BEGIN EXTRACTED ENTRIES

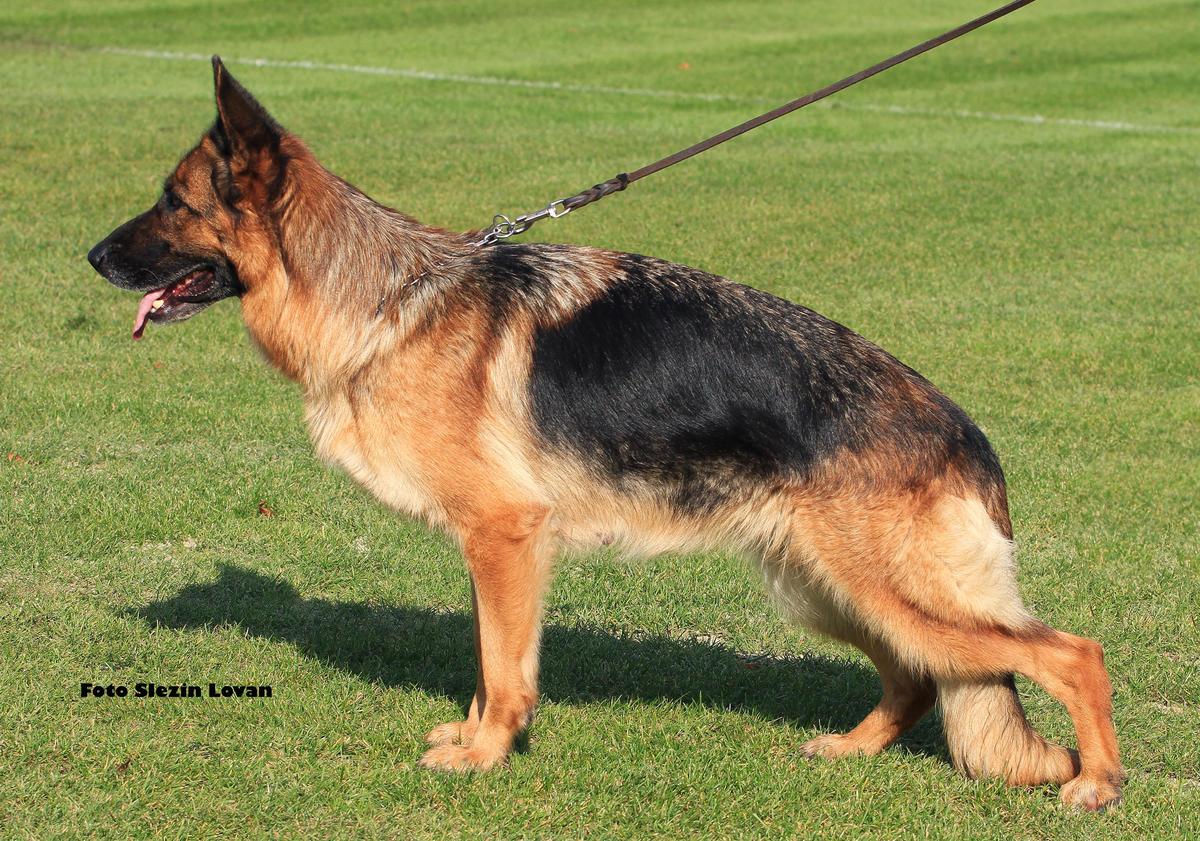 V 2 Vinga Nová Jamina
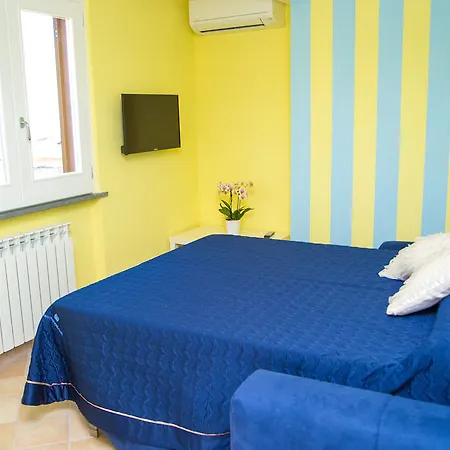 Lemon Flats ソレント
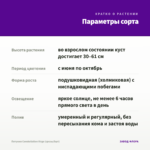 Петуния Constellation Virgo (срезы/5шт) — параметры сорта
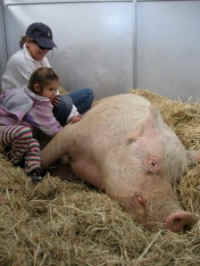 Animal Place Kim Sturla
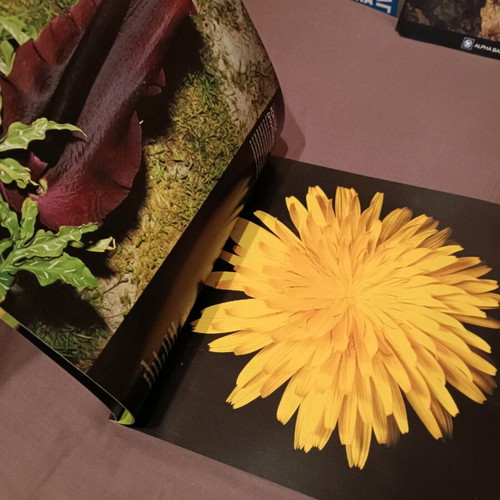 Photo book Wild Flowers like new, album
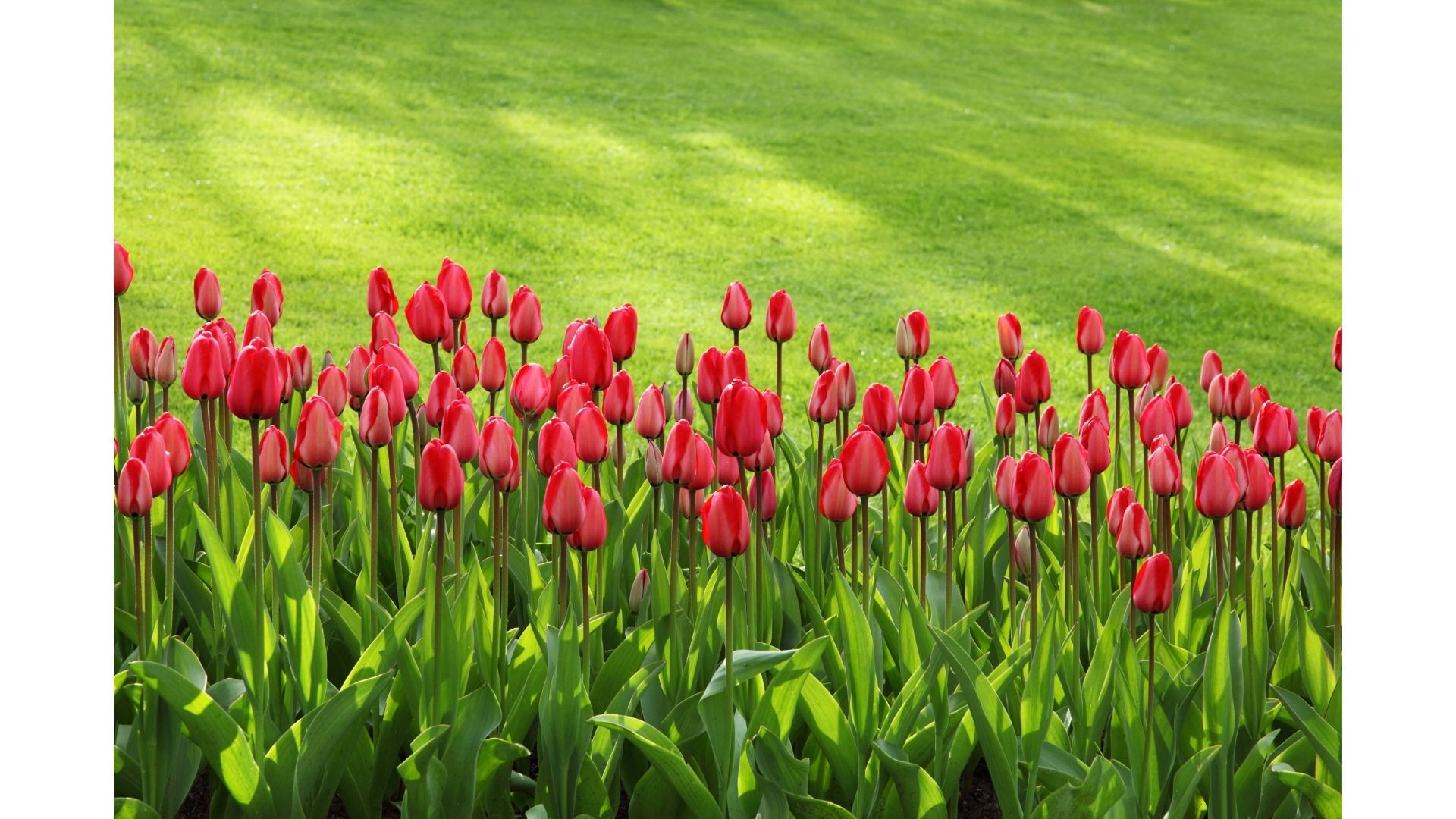 Wiosna 4 tulipany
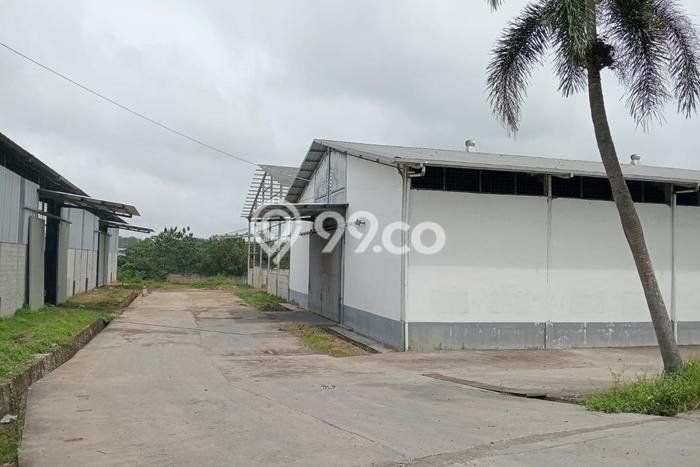 Area Ramai! Gudang Dijual di Cikande untuk Bisnis Luas Bangunan 15000m2 Area Ramai! Gudang Dijual di Cikande untuk Bisnis Luas Bangunan 15000m2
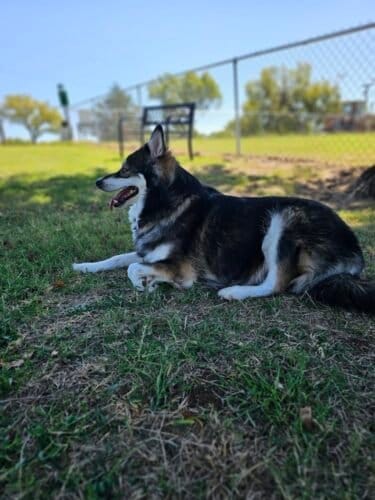 AC9h4nreP dikhegkepQnIl7k6XbE8BJBisMhwStJxtmtv3OQKpMMVh GucWD hIF qCb8AJqthPO gQiBj0BHe s4VyTSTamK8HnI 6HWhoZiU0PVqCn2Jb0eYwt9SLU9N0cLBSoup w1600 h1000 k no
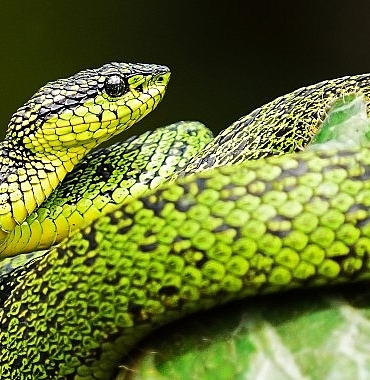 national-geographic-now-sec-izle-servisinin-mart-ayi-temasi-yilanlar.jpg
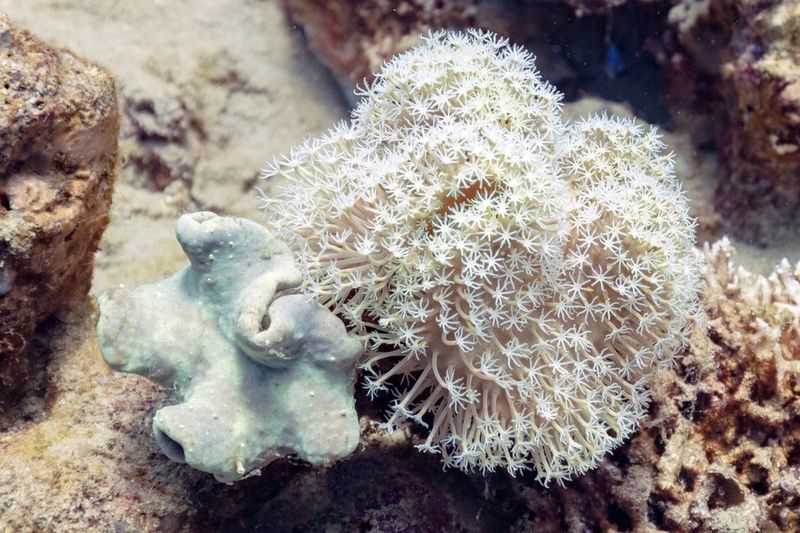 Ксения зонтичная (Xenia umbellata) рядом с кожистым кораллом Sarcophyton glaucum в рифовом биотопе
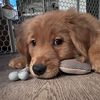 brockyourdog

END EXTRACTED ENTRIES

- EXERCISE AIM -
The answer should be an exact restatement of every entry, with the pictures omitted.

- THE ANSWER -
 V 2 Vinga Nová Jamina
 Lemon Flats ソレント
 Петуния Constellation Virgo (срезы/5шт) — параметры сорта
 Animal Place Kim Sturla
 Photo book Wild Flowers like new, album
 Wiosna 4 tulipany
 Area Ramai! Gudang Dijual di Cikande untuk Bisnis Luas Bangunan 15000m2 Area Ramai! Gudang Dijual di Cikande untuk Bisnis Luas Bangunan 15000m2
 AC9h4nreP dikhegkepQnIl7k6XbE8BJBisMhwStJxtmtv3OQKpMMVh GucWD hIF qCb8AJqthPO gQiBj0BHe s4VyTSTamK8HnI 6HWhoZiU0PVqCn2Jb0eYwt9SLU9N0cLBSoup w1600 h1000 k no
 national-geographic-now-sec-izle-servisinin-mart-ayi-temasi-yilanlar.jpg
 Ксения зонтичная (Xenia umbellata) рядом с кожистым кораллом Sarcophyton glaucum в рифовом биотопе
 brockyourdog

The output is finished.